The Final Cut – Choosing the Right Features for the Job

Author

Numbers around us

Published

April 29, 2025

You’ve created dozens—maybe hundreds—of new features: cleaned, transformed, encoded, engineered.
But now comes a critical decision:

🔪 Which features stay, and which must go?

Choosing the right features is about maximizing model performance while minimizing complexity. Good feature selection can:
✅ Improve model generalization
✅ Reduce overfitting
✅ Speed up training and inference
✅ Enhance model interpretability

This final article in the Feature Engineering Series will walk through:
Why feature selection matters
Simple filtering techniques (correlation, variance)
Model-driven feature importance (tree models, permutation)
Selection methods (filter, wrapper, embedded)
Best practices for pruning without hurting performance

Why Choosing Features Matters

More features ≠ better models.
In fact, too many irrelevant or redundant features can actively hurt your model by:
❌ Increasing noise and variance
❌ Leading to overfitting
❌ Slowing down training and prediction
❌ Making models harder to explain

📌 Feature selection is about keeping what matters—and cutting what doesn’t.
It’s a mix of art and science, where we balance domain knowledge, data-driven decisions, and model feedback.

📌 Simple Thought Exercise

Imagine you’re predicting house prices.
You have features like:

  • square_footage

  • number_of_bathrooms

  • zip_code

  • price_of_dog_food_in_region

🛑 Even if “dog food price” technically varies across regions, it’s noise. It adds confusion, increases data collection cost, and risks spurious correlations.
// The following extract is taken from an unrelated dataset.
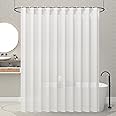Kuber Industries Shower Curtains for Bathroom | Waterproof Curtains with Hooks | PVC Self Lining Design Curtain | 7 Feet | White
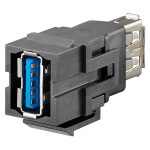 Rutenbeck 17010660 USB-Keystone USB 3.0 USB A (Buchse/Buchse) für Montageadapter KMK-MA Up und andere Keystone-Aufnahmen schwarz (ähnlich RAL 9005)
You need only the features that directly contribute to your target.

✅ Good feature selection leads to:

  • Simpler, faster models

  • Better generalization to new data

  • Clearer understanding of what drives predictions

Feature engineering without feature selection is like cooking without tasting.
You need to trim the dish before serving it.

Filter Methods – Quick Wins for Cutting Features

Filter methods are your first line of defense in feature selection.
They evaluate each feature independently of any machine learning model, based purely on statistics.
✅ Fast
✅ Intuitive
✅ Great for initial cleanup before deeper analysis

In this chapter, we’ll cover:
✅ Removing features with low variance
✅ Removing highly correlated features
✅ Univariate statistical tests (optional advanced filtering)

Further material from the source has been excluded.